#### Task goal:
A line containing "颈饰未镶嵌碧玺佛公吊坠yy" appears in the material below. Return exactly every line from the first through that one, and only those.

#### Data section:
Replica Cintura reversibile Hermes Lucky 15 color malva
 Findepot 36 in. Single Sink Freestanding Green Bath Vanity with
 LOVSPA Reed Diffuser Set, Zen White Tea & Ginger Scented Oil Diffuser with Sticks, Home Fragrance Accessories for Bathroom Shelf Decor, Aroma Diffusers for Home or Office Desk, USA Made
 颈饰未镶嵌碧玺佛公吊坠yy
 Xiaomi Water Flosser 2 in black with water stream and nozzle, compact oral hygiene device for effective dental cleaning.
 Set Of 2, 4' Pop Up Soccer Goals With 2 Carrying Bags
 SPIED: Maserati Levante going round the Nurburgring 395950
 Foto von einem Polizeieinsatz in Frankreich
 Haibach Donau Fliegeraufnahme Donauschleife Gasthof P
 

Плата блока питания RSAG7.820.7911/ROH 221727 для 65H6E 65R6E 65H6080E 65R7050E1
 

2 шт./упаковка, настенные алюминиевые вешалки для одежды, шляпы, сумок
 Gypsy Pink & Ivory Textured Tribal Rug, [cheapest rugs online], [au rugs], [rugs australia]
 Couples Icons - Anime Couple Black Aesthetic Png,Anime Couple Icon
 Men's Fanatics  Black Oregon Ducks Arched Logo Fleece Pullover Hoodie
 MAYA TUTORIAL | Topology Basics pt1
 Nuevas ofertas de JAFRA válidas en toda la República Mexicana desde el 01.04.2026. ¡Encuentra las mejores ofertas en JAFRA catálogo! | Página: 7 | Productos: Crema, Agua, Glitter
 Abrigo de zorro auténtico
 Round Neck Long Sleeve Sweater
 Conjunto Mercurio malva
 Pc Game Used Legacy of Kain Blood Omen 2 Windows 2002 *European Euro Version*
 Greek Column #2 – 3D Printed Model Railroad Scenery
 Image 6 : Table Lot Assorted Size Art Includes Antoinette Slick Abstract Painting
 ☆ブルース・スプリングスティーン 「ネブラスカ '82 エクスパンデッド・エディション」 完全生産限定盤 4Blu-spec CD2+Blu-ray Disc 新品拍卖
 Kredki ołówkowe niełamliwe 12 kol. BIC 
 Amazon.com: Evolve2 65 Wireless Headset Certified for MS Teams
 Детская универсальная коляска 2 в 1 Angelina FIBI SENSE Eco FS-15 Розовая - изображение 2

#### Answer:
Replica Cintura reversibile Hermes Lucky 15 color malva
 Findepot 36 in. Single Sink Freestanding Green Bath Vanity with
 LOVSPA Reed Diffuser Set, Zen White Tea & Ginger Scented Oil Diffuser with Sticks, Home Fragrance Accessories for Bathroom Shelf Decor, Aroma Diffusers for Home or Office Desk, USA Made
 颈饰未镶嵌碧玺佛公吊坠yy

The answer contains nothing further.